[[ Provided records, beginning ]]
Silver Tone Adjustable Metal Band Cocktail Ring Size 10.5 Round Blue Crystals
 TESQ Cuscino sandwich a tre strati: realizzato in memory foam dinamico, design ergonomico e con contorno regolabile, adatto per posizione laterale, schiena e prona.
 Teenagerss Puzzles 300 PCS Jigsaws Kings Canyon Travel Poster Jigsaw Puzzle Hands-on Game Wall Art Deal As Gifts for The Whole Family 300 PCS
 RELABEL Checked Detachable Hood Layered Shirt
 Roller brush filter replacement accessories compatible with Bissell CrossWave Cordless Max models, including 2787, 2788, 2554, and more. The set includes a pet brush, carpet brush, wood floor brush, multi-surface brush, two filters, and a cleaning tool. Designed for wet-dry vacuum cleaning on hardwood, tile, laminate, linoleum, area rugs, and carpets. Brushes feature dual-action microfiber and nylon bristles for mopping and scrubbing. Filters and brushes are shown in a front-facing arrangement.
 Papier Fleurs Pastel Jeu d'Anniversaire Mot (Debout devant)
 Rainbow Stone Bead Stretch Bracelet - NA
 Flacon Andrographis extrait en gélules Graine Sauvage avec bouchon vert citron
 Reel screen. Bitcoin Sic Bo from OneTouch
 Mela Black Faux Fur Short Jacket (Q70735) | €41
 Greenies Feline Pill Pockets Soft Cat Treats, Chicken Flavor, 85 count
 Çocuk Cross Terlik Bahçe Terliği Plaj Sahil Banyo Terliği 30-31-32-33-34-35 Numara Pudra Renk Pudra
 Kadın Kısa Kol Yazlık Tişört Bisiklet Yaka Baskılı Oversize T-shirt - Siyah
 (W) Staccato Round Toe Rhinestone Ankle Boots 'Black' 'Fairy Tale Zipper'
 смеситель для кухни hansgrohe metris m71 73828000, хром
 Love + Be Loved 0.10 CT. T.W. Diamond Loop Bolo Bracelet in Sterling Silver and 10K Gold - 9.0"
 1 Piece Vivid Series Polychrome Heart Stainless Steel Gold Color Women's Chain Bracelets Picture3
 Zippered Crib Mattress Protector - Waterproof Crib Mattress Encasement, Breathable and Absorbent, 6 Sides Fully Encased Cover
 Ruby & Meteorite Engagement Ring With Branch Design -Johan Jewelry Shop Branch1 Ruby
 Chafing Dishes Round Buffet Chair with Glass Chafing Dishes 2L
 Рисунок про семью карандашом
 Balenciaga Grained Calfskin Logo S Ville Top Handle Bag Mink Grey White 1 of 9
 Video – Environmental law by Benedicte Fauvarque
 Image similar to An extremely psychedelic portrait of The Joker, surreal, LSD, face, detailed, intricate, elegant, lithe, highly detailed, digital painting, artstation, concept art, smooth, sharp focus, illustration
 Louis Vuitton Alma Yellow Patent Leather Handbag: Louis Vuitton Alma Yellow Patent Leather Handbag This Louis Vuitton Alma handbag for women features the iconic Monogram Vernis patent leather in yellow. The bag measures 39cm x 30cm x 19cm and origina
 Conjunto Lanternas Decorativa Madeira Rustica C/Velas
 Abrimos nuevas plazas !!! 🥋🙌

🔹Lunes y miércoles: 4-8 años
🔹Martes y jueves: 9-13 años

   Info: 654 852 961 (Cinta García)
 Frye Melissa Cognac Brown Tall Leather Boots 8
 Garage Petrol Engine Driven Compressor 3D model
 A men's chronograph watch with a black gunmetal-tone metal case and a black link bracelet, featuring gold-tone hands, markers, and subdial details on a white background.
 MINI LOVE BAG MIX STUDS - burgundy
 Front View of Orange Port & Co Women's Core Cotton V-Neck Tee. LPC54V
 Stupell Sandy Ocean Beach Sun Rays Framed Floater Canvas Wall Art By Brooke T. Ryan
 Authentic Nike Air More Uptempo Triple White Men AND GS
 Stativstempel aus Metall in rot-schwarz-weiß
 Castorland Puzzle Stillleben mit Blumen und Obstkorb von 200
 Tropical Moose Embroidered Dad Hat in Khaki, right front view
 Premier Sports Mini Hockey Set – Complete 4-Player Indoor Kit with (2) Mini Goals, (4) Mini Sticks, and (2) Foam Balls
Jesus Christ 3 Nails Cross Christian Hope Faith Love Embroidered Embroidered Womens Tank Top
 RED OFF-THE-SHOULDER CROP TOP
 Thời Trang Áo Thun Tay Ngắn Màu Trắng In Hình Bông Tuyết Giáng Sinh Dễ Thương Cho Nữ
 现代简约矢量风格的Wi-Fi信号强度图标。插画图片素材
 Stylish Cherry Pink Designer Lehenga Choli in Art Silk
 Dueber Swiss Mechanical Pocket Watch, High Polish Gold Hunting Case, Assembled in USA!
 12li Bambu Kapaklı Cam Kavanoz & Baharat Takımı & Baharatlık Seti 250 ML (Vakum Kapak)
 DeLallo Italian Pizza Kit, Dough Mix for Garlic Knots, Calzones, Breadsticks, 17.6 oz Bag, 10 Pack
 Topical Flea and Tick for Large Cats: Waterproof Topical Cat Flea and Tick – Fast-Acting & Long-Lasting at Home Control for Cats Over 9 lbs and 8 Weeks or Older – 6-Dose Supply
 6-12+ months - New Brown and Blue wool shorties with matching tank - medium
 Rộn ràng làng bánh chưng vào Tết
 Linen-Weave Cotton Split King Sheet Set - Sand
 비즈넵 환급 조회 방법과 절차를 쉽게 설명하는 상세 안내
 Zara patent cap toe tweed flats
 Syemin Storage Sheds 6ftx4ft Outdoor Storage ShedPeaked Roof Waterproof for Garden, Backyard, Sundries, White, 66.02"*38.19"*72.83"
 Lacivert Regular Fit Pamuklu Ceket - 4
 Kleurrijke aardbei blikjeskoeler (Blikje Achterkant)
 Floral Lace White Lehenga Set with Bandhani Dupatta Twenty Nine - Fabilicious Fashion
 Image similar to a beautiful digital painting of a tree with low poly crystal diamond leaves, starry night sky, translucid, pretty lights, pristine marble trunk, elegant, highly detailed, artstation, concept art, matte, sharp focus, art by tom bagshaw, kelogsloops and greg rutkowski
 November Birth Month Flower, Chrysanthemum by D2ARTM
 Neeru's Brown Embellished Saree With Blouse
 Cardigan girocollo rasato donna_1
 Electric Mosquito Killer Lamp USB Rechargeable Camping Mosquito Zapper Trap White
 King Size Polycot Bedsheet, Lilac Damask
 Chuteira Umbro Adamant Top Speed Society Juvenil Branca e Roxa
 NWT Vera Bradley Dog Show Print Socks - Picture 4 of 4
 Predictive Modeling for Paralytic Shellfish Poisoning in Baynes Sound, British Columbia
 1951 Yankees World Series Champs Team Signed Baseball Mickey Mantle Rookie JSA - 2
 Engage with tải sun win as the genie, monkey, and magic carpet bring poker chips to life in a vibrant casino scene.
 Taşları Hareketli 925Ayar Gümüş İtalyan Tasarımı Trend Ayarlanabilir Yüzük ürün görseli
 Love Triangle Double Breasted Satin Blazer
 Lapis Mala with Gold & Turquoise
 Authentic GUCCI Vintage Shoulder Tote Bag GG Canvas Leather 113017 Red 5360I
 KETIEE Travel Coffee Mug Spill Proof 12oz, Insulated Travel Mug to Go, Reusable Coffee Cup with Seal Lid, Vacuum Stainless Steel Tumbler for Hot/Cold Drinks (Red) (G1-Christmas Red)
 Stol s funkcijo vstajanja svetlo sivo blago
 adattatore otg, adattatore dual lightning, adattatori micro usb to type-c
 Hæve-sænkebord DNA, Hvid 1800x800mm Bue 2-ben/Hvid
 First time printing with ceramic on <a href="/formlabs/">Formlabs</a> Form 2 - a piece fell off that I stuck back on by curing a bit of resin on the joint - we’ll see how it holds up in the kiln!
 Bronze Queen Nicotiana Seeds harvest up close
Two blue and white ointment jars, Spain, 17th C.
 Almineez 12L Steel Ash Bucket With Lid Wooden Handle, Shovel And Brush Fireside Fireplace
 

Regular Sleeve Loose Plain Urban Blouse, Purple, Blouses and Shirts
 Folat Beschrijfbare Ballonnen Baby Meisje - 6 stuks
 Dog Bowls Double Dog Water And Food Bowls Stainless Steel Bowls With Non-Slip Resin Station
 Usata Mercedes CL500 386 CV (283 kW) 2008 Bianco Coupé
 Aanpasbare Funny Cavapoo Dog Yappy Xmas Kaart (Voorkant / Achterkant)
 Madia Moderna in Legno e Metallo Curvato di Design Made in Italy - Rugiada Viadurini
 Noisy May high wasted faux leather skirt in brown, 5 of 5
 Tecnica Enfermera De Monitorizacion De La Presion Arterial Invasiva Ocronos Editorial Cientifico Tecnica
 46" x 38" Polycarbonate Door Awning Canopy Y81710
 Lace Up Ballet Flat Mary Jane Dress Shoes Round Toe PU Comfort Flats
[[ Provided records, end ]]
Problem details - The word "Waterproof" is the filter: copy every line of the listing above that contains it.

Response box -
 Zippered Crib Mattress Protector - Waterproof Crib Mattress Encasement, Breathable and Absorbent, 6 Sides Fully Encased Cover
 Topical Flea and Tick for Large Cats: Waterproof Topical Cat Flea and Tick – Fast-Acting & Long-Lasting at Home Control for Cats Over 9 lbs and 8 Weeks or Older – 6-Dose Supply
 Syemin Storage Sheds 6ftx4ft Outdoor Storage ShedPeaked Roof Waterproof for Garden, Backyard, Sundries, White, 66.02"*38.19"*72.83"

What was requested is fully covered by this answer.